By Brett Zucker, CMO of Monotype
Remember back when ‘The Future’ was a comfortable place that belonged to dense analyst reports, dramatically-lit conference stages, and glossy strategy decks? That future is, suddenly – and across pretty much every market vertical -happening right here, right now.
As COVID-19 swept the globe, trends that had been brewing for decades were accelerated like never before. Many businesses have had to adapt to not just digital-first but digital-only. In a matter of weeks, entire workforces went remote, while at the same time fielding an avalanche of customer enquiries and launching new products and services to help meet an entirely new set of customer needs.
I’ve always believed that predictions by futurists and analysts only get you so far. The last six months have proven that to thrive; brands need to be prepared… and prepared for anything. Every company board has digital transformation where it belongs at the top of the agenda – but to be ready for any eventuality, that transformation needs to be framed as a continual process, a constant evolution – not as it so often is, a final destination.
Interestingly, while many business leaders I speak to are focused on achieving digital transformation within their business, few thought before the pandemic to include their brand identity (and the creative team who manage it) in that process – despite the fact that brand identity is their single biggest consumer touchpoint. So when it comes to brand identity, what does digital transformation look like, and what does being prepared actually mean in practice?
Being prepared means being ready as a brand to adapt to ever-changing circumstances – whatever those circumstances happen to be. Right now, we’re dealing with a pandemic, but a well-prepared brand should, in theory, be ready to respond not just to force majeures and global crisis, but micro-trends, consumer shifts, new technologies… in fact, new anything.
A brand identity is not, of course, just a question of logo and colours.

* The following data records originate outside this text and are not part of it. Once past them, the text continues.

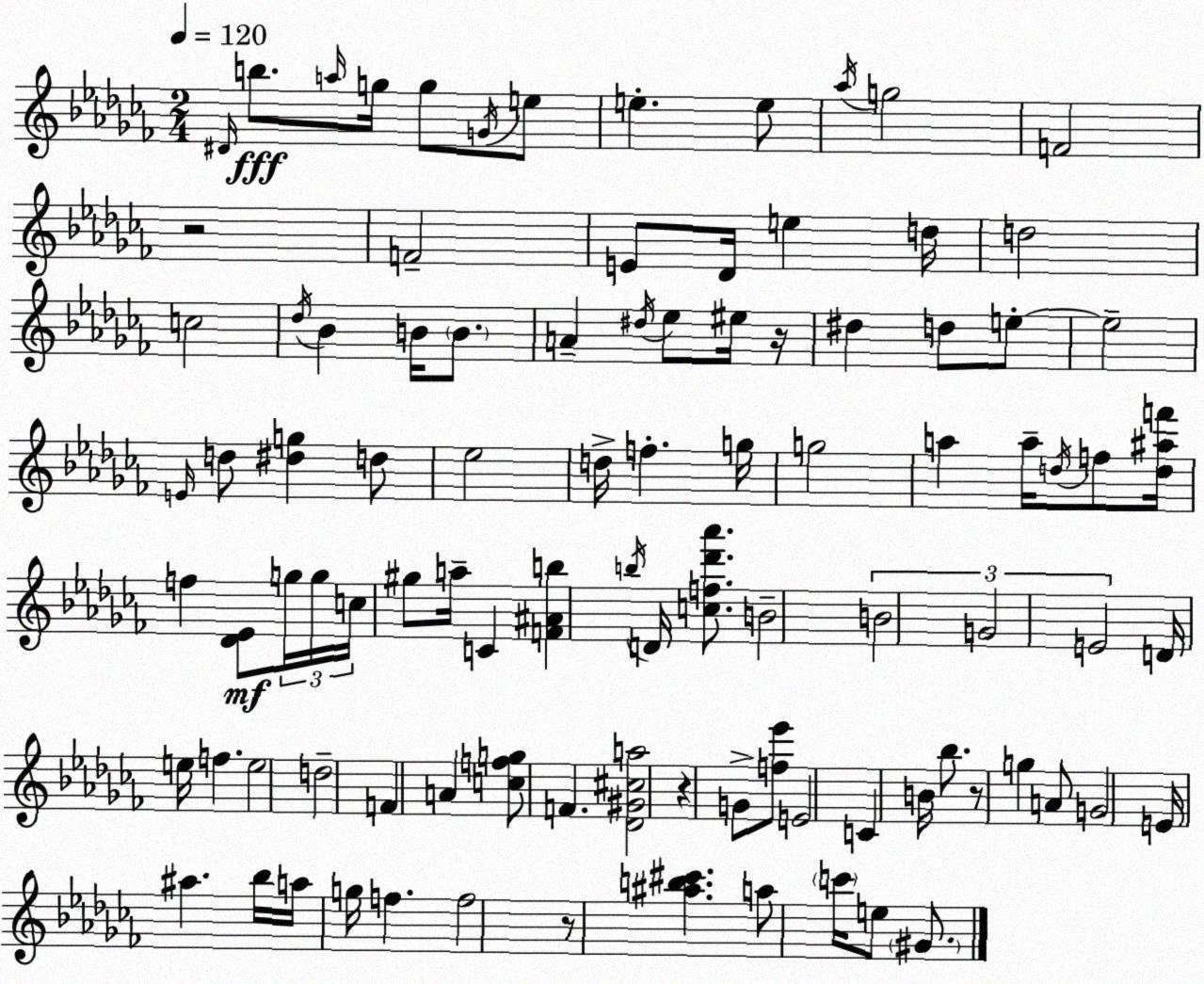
X:1
T:Untitled
M:2/4
L:1/4
K:Abm
^D/4 b/2 a/4 g/4 g/2 G/4 e/2 e e/2 _a/4 g2 F2 z2 F2 E/2 _D/4 e d/4 d2 c2 _d/4 _B B/4 B/2 A ^d/4 _e/2 ^e/4 z/4 ^d d/2 e/2 e2 E/4 d/2 [^dg] d/2 _e2 d/4 f g/4 g2 a a/4 d/4 f/2 [d^af']/4 f [_D_E]/2 g/4 g/4 c/4 ^g/2 a/4 C [F^Ab] b/4 D/4 [cf_d'_a']/2 B2 B2 G2 E2 D/4 e/4 f e2 d2 F A [cfg]/2 F [_D^G^ca]2 z G/2 [f_e']/2 E2 C B/4 _b/2 z/2 g A/2 G2 E/4 ^a _b/4 a/4 g/4 f f2 z/2 [^ab^c'] a/2 c'/4 e/2 ^G/2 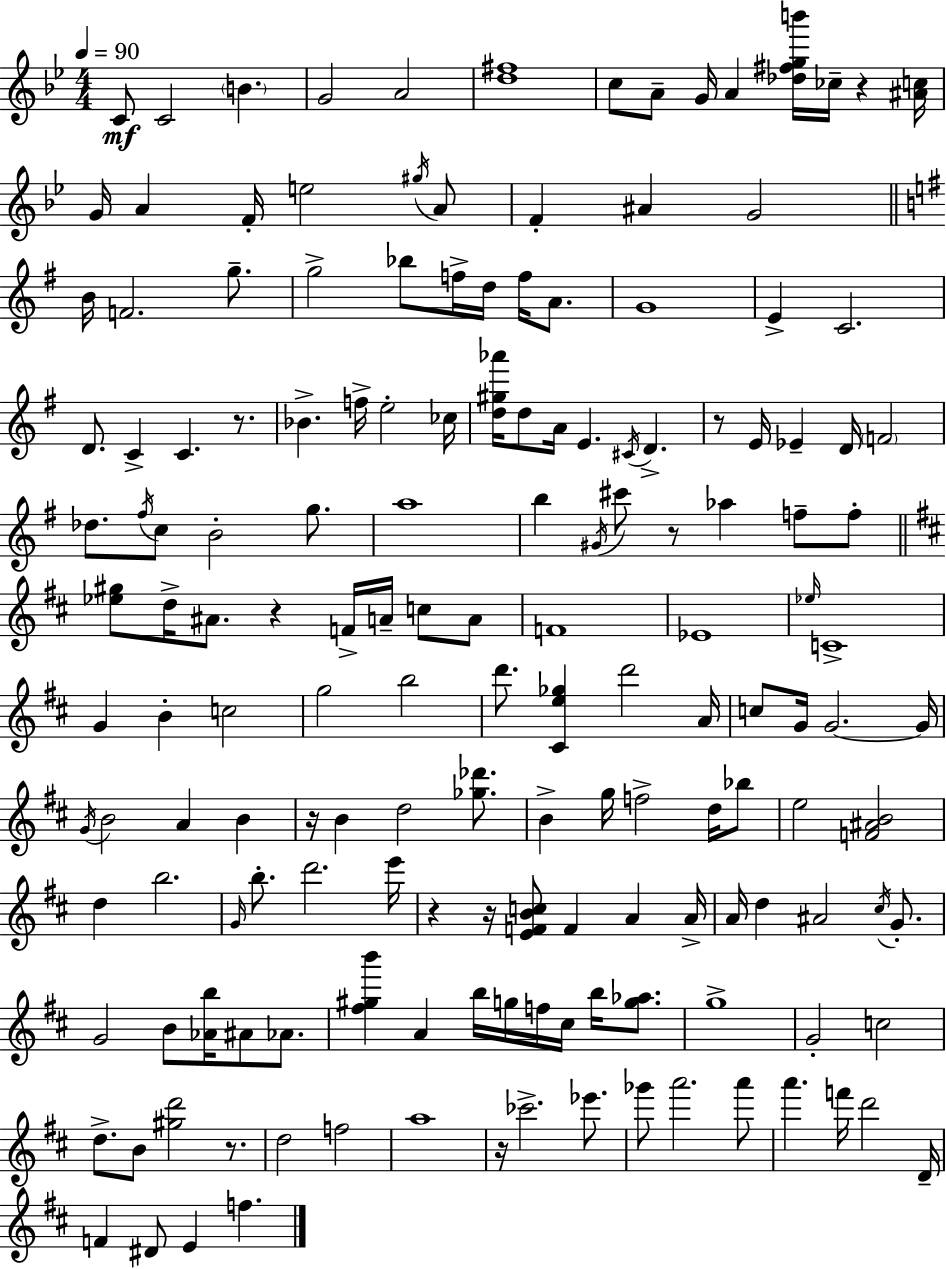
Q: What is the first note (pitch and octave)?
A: C4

At its most effective, brand identity is a unique, consistent customer experience of company voice, visual style, and vision. Consistency in brand identity matters even more in times of change – because only with consistency can a business win and maintain their customers’ trust. But how to be consistent while at the same time being prepared for anything?
Let’s look at the last six months as a case in point. Customer behaviour has changed faster than ever before, and with it, the demands and expectations of customers. Those businesses with digital transformation in place have rapidly launched new apps, services, and products. But core to the successful adoption of these new offerings is the brand’s identity and its ability to flex around new offers while remaining consistent.
Consistency of identity signals to customers that you’ve put thought and care into the offer. It reassures them they’ll receive the same level of quality and service they expect from the experience they knew before. And it helps show at first glance that it’s really you and not a scam. Pandemic-related scamming is up 400%, so anything that allows secure brand trust is at an all-time premium. Brands that have invested in developing their proprietary font are in a great position here, but every brand now needs to specifically assess how they are maintaining brand consistency – and how successfully they are conveying trust.
And brand consistency is where many businesses have fallen. A consistent but agile brand identity simply isn’t possible without a unified creative team, empowered with the right tools, platforms, and software. That’s why, for many organisations, the sudden shift to remote has been especially challenging for their creative team, disrupting the creative process itself. For example, designers need to be in constant sync – sharing ideas, drafts, feedback, and of course, brand assets. Companies are learning that collaboration tools aren’t ‘nice to have’ extras – they are an essential part of being prepared. Without them, the creative process itself is at risk, and with it, the brand’s consistency and innovative capacity.
The interpersonal aspects of collaboration are easier to solve with video conferencing, Slack, email, and old-fashioned phone calls, but sharing assets and files is a different story. Many brands still store assets like fonts on local servers or even individual team members’ computers, which creates a significant challenge when teams can’t access them. Cloud-based asset management provides a central management system teams can access from anywhere, anytime. Coupled with cloud-based design programs, this allows your creative teams to work unimpeded come what may.
None of us – not even the most highly-paid futurist on the conference circuit – could have predicted COVID-19 and the impact a near-global lockdown would have on the way we live and work. It’s been heartening to see that the investment many businesses made in digital transformation have enabled them to rise and meet the challenge for their customers with new products and services. However, the pandemic has also shown that creative teams have all too often been left out of digital transformation projects, even though they are among the most impacted by changes such as remote working and the need to deliver consistent brand identity across rapidly-changing products and services.
While we can’t always predict what will happen, we can ensure our brands are prepared to meet whatever challenges arise, and in times like these of uncertainty and change, I predict that’s something consumers will increasingly value.